In the space of just a few years, technology giants have begun remaking the very nature of schooling on a vast scale, using some of the same techniques that have made their companies linchpins of the American economy. Through their philanthropy, they are influencing the subjects that schools teach, the classroom tools that teachers choose and fundamental approaches to learning.
Source: New York Times.
The philanthropists are running up against reactionary forces that want to return American education to the three Rs of the 1950s. Both the philanthropists and the reactionary forces have the best interest of children at heart. But there's a third side in this battle: crony capitalists. These last are the state legislators and their business friends who are interested mainly in making a buck off the government.
The reactionary forces would muddy the water by conflating the philanthropists with the crony capitalists. But there's a difference: crony capitalists are trying to make money; the philanthropists are trying to give their money away. Bill Gates has made enough money in his career. For the rest of his life his challenge is to spend his fortune on philanthropy. The crony capitalists don't welcome that because the philanthropists are a rival power center. They can directly empower schools with grants. That's a disruptive force to the business of education. The reactionary forces don't like it, either, because philanthropy funds innovations that threaten to move schools farther away from the 1950s than they already are.
Which side will win out? The reactionary forces might wage an effective rear-guard holding action, but over time, the future will win out over the past. It always does. That's why we call one the future and the other the past.
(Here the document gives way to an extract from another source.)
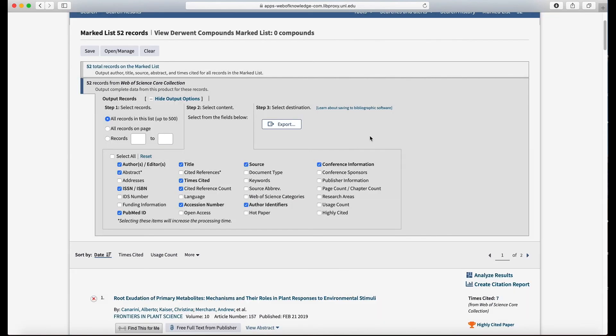Okay, so once you get them into your reference manager, then it's the same as what we looked at in the other lesson in terms of plugging them into Microsoft Word and into your paper that you're writing. Okay, I hope that helps. Thank you and I'll talk to you later.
The crony capitalists will eventually adapt as they always do, just as soon as they figure out how to make a buck off whatever system emerges. I don't know exactly what schools will look like in sixty years, but I'm confident they will look a lot less like the schools of today than the schools of today look like the schools of the 1950s. Future schools, perhaps unimaginable to today's educators, will emerge from the innovations encouraged by the philanthropists today.
1 comment:
I understand the words philanthropist and reactionary have connotations. But the connotations cut in different directions for different people. For some, a philanthropist means a generous person, for another it means capitalist pig. I remember being dumbfounded to realize that tolerance is not considered to be a universal good, that for conservatives tolerance is a weakness, inspiring the pejoratives political correctness and snowflake. I don't apologize for using loaded words. I try to use words that I think have more or less the literal meaning I intend. Whether readers are complimented or insulted is up to them. Sometimes, that too is intentional.